The Chinese Government has issued several regulations in recent years to incentivize foreign investors to establish holding companies. Such foreign investors are generally larger and have the wherewithal to make substantial investments. Among the biggest incentives is increased leverage. Depending on the amount of registered capital, holding companies can borrow four to six times the amount of their registered capital. By contrast, even the largest foreign-invested companies generally have their borrowing capacity capped at twice the amount of their registered capital.

The requirement to reinvest income as registered capital is unnecessary as well as inconsistent with central government regulations that accord holding companies enlarged borrowing capacity. Indeed, requiring a company to increase its registered capital above minimum requirements is inconsistent with the Company Law, which eliminated mandatory registered capital requirements when it was amended in 2005. Moreover, a wholly foreign-owned holding company is subject to the requirement to allocate 10% of its annual after-tax profits to its company reserve fund before it can declare dividends to its shareholders, provided that the holding company is no longer required to make such allocation when the reserve fund reaches 50% of the amount of registered capital. The requirement to treat the amount to be reinvested as an increase to registered capital will result in a proportionate increase to the reserve fund, which will diminish a company's ability to declare dividends to its shareholder(s). This is inconsistent with the rules governing distribution of profits from all other types of companies under the Company Law and other regulations. While there may be some rationale for barring a holding company from declaring and remitting dividends until subscribed for registered capital has been fully contributed, there is no apparent rationale for maintaining the restriction after registered capital has been fully contributed. Moreover, registered capital of a holding company may not be withdrawn by its shareholders before the liquidation or dissolution of the company. As such, the requirement to reinvest through increases to registered capital makes such restriction more onerous.

Document No. 7 also suffers from a lack of transparency, despite China's transparency obligations under the World Trade Organization and bilateral commitments. It was issued to implement a 2006 Ministry of Commerce revision of its regulations on holding companies.3 No explanation appears to have been published for the multi-year delay.
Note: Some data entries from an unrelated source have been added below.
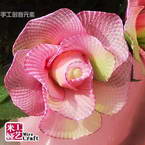  Mesh Nylon flower making kit, Olive-Green, pink, 10 flowers, Rose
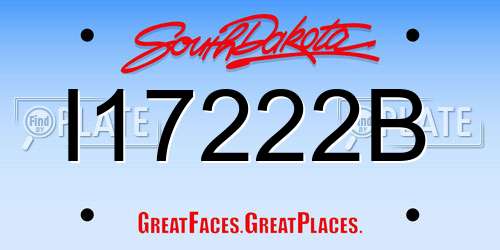 I17222B South Dakota License Plate
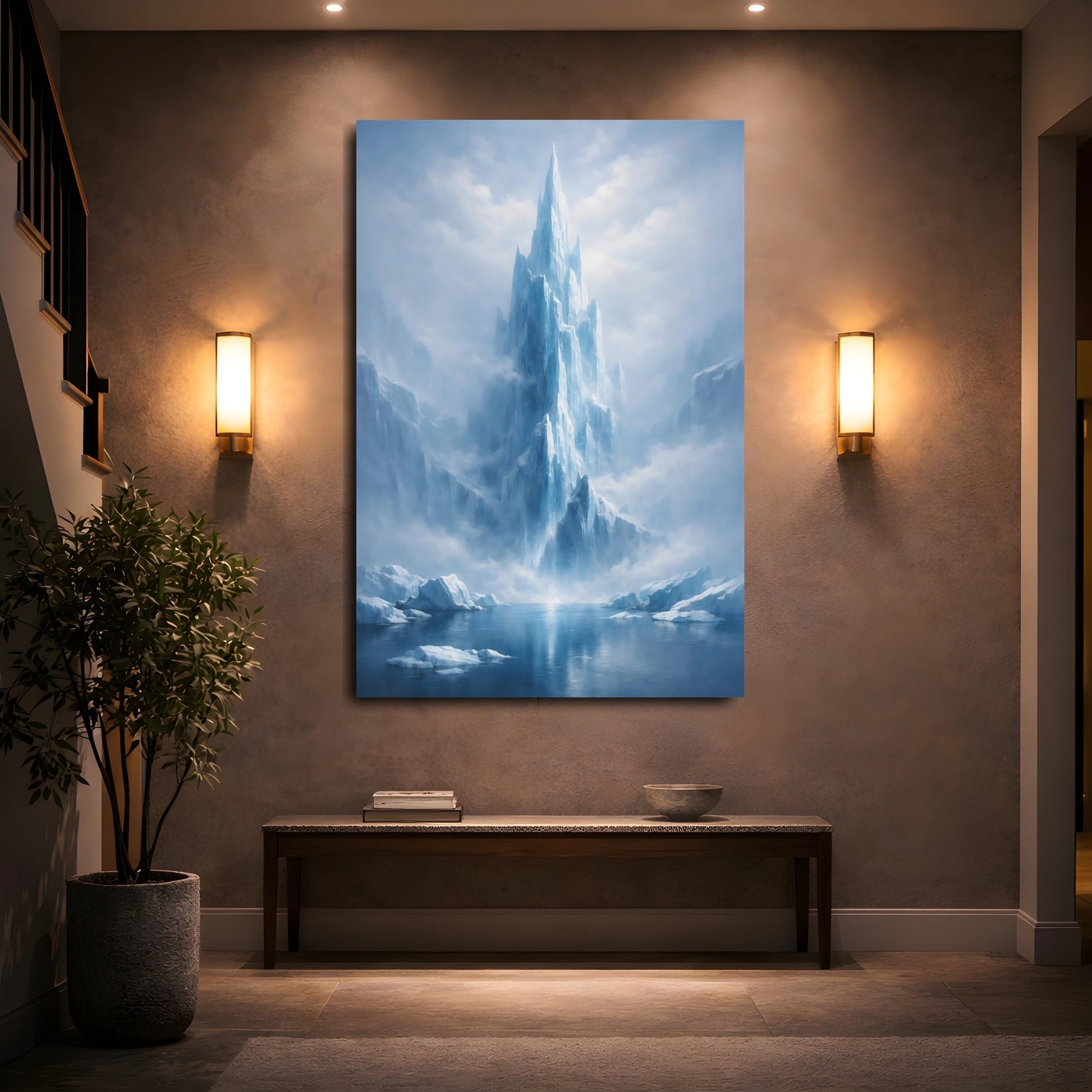 Mockup 4. Nature Ice Mountain Blue Ice Mountain shown as stretched canvas wall art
Issued on March 29, it has yet to be published and does not include an effective date, although SAFE officials will provide copies during in-person meetings, at which time they will explain that the effective date is April 1, three days after issuance.

Unless Document No. 7 is withdrawn or substantially revised, many foreign-invested holding companies will be forced to make capital-inefficient reinvestments of their income, delaying or reducing their ability to declare and repatriate dividends to their shareholder(s). They will find the holding company structure to be more costly and cumbersome than they had anticipated, which will reduce its attraction to other investors.


1外商投资公司。

2汇资函[2011]第7号,国家外汇管理局资本项目管理司关于外商投资性公司再投资所涉验资询证有关问题操作指引的通知。

3Supplemental Regulations Concerning Investment Companies Established by Foreign Investors [关于外商投资举办投资性公司的补充规定].